West also appears in history as the Classicist who ruined the facade of the New York Academy of Medicine, an imposing 1925 stone building on Fifth Avenue in New York City. The Academy had a simple request: they wanted to write “New York Academy of Medicine” in giant stone letters on the facade of their new building — in Latin. They asked Andrew Fleming West, who as a famous Classics Professor, Dean of Princeton University’s Graduate School, founder of the American Classical League, and former President of the American Philological Association seemed impervious to error in so simple a matter, to do the translation. So with great confidence they carved on to their facade what he told them to carve: ACADEMIA MEDICINAE NOVA EBORACENSIS. Reading it straight through, it looks plausible enough: the words mean “Academy,” “of medicine,” “new,” and “located in York.” But the adjective for “New York” is Neo-Eboracensis, or more rarely, Noveboracensis. And certainly not Nova Eboracensis. West probably got his nova from the Latin name for New Jersey, Nova Caesarea, and its adjective, Novacaesariensis, which used to be on the Princeton University seal back in the days when it was called the College of New Jersey. But there’s nothing feminine in York — Eboracum — to justify nova being feminine when it comes to New York. And hence nova has to go with academia, and the inscription has to mean “the New Academy of York Medicine.”

As soon as the building was unveiled, complaints from Latinists started coming in, complaints which have been preserved in the New York Academy of Medicine’s archives, and which are delightfully chronicled by Fordham Classics Professor Matthew McGowan in his book Classical New York. One critic carped that this “error, in such stately lettering, is literally monumental.” (Finally! A correct use of “literally”!) Another called it “most discreditable” to the institution. A board member provided the Academy’s craven defense: “We trusted that the inexpertness of the average New Yorker in Latin might cover up the deplorable ignorance of the inscription.” But one critic, Dr. William Osler of McGill University, had it right, suggesting that for such matters the right person for the job was a Latinist, not a Classicist. And where could Latinists be found? Among the people handling internal correspondence for the Roman Catholic Church. “With all due tact and respect,” Osler wrote, “drop the Princeton professor and consult the Latin secretary of the Cardinal Archbishop of New York.”
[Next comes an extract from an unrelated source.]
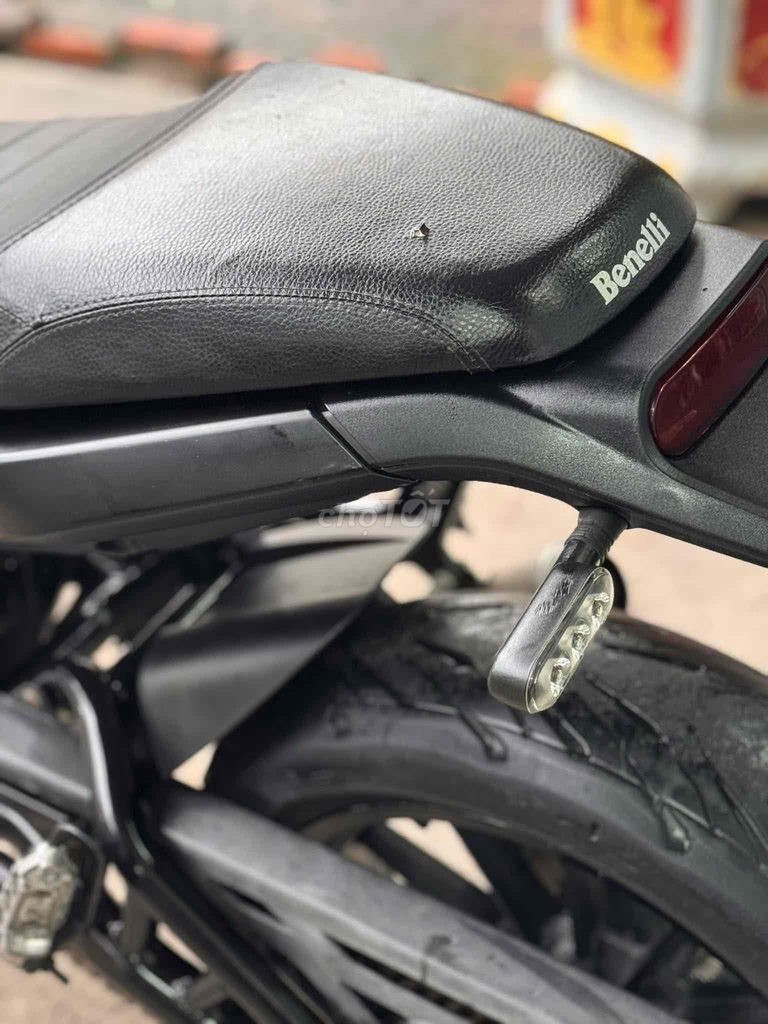 Cần bán Benelli Leoncino 500 Abs 2019 Xe zin Đẹp. Mua bán Xe máy tại Quận Bình Tân Tp Hồ Chí Minh được đăng bởi Việt Motor Bình Tân hình 5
In recent years, there is some indication that Classicists and Latinists are drawing a bit closer, and sharing their knowledge with each other. Many trained Classicists have been seeking out, on their own time, the knowledge of place-names and colloquial expressions that typically distinguish the Latinist. Two years ago, Cornell University hired a Latinist, Daniel Gallagher, out of the Vatican’s Latin office, giving him as a position as “Professor of the Practice of Latin.” The Paideia Institute has drawn much of its inspiration from the Latinist side, but also a great deal from the world of Classics per se, and has always tried to have both Latinists and Classicists teaching its courses. It’s a useful distinction, and it’s key for understanding the place that Latin has in the Church as well. Vatican Latinists might not have put in the years studying Greek potsherds or ancient military equipment that some Classicists have, but they can boast of an experience in the use of the Latin language that almost no one else has nowadays. So if you want to know how the ancient Greeks held elections, or what kind of rights freed Roman slaves had, you’ll need to ask a Classicist. But if you’re looking to translate your next tattoo into Latin, you might want to double-check it with a Latinist.